= Friends Creek Conservation Area =

The Friends Creek Conservation Area is a 616-acre (2.5 km^{2}) natural area in the U.S. state of Illinois, located in Friends Creek Township near Cisco in northeastern Macon County. The conservation area, located 18 miles (29 km) north of Decatur, preserves creek woodlands and has regrown some tallgrass prairie and oak–hickory forest. It serves the people of the Decatur metropolitan area.

==Description==
The Friends Creek Conservation Area land is a combination of creekside woodland and upland meadow/oak-hickory savanna.
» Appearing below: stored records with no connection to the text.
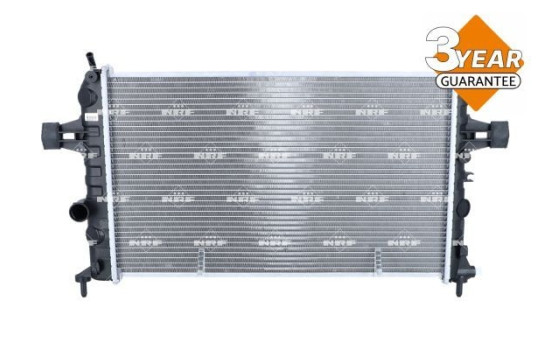 Radiator, engine cooling EASY FIT, Image 2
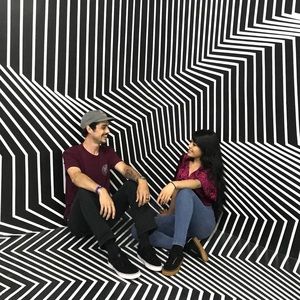 Meet your Posher, Mitzi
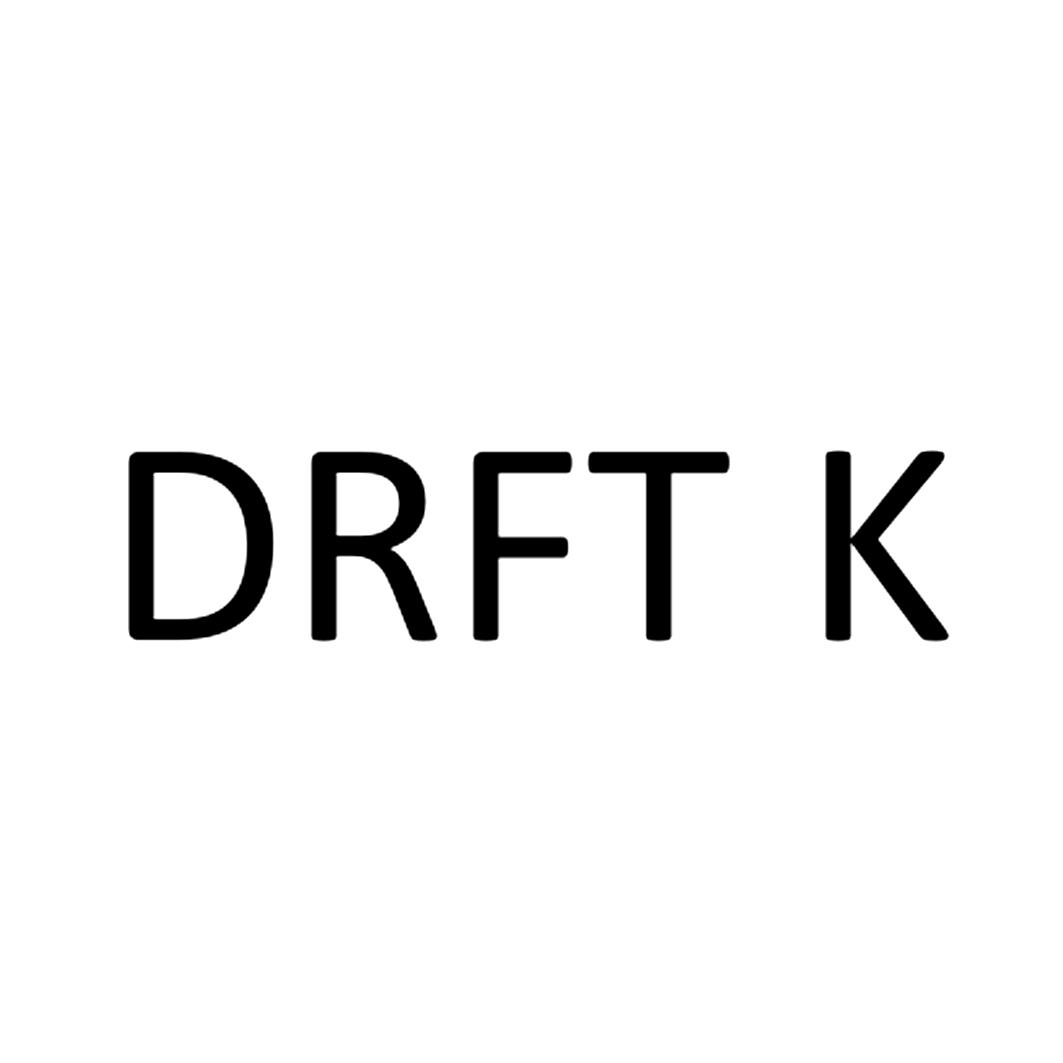 转让商标-DRFT K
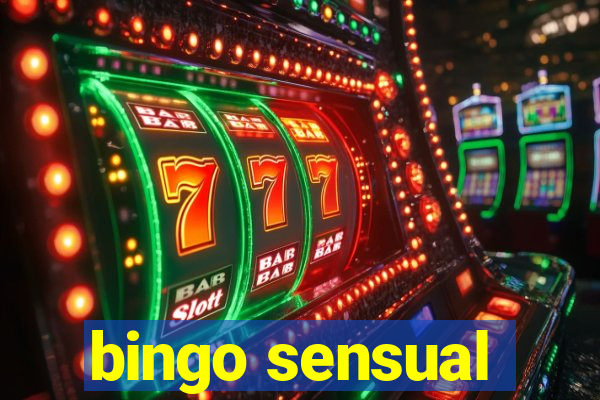 bingo sensual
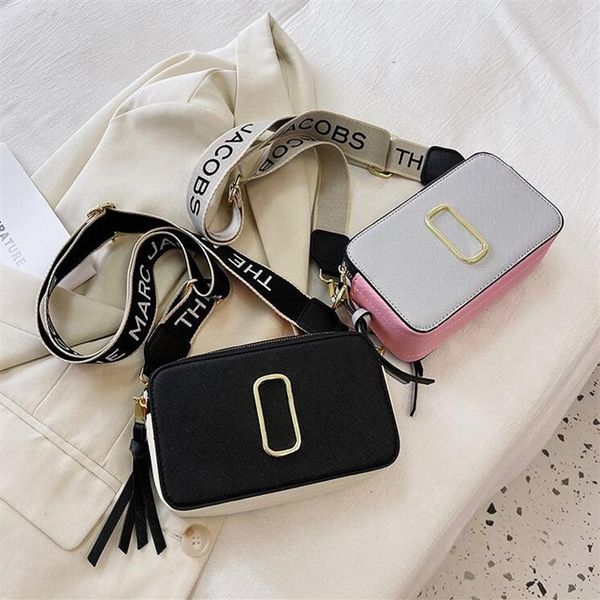 retail designer women shoulder bags new 2022 contrast color small square bag trend letter single messenger bag 20-12-7cm271z, Red;black
retail designer women shoulder bags new 2022 contrast color small square bag trend letter single messenger bag 20-12-7cm271z, Red;black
The Macon County Conservation District describes the land as a combination of "floodplain, forest, open meadows, and tall grass prairie". The conservation area houses three trails, with lengths totaling 3.5 miles (5.6 km) for active use, and centers on a 35-site primitive/non-primitive campground that borders on winding Friends Creek. Camping fees are charged, with a discount for Macon County residents.

A key historic asset of the conservation area, across a rural road from the campground, is the Bethel School, a surviving one-room schoolhouse built about 1890. It continues in use for educational field trips. The conservation area is served by Exit 156 ("Cisco") on Interstate 72. Its address is 13734 Friends Creek Park Road, Cisco, Illinois.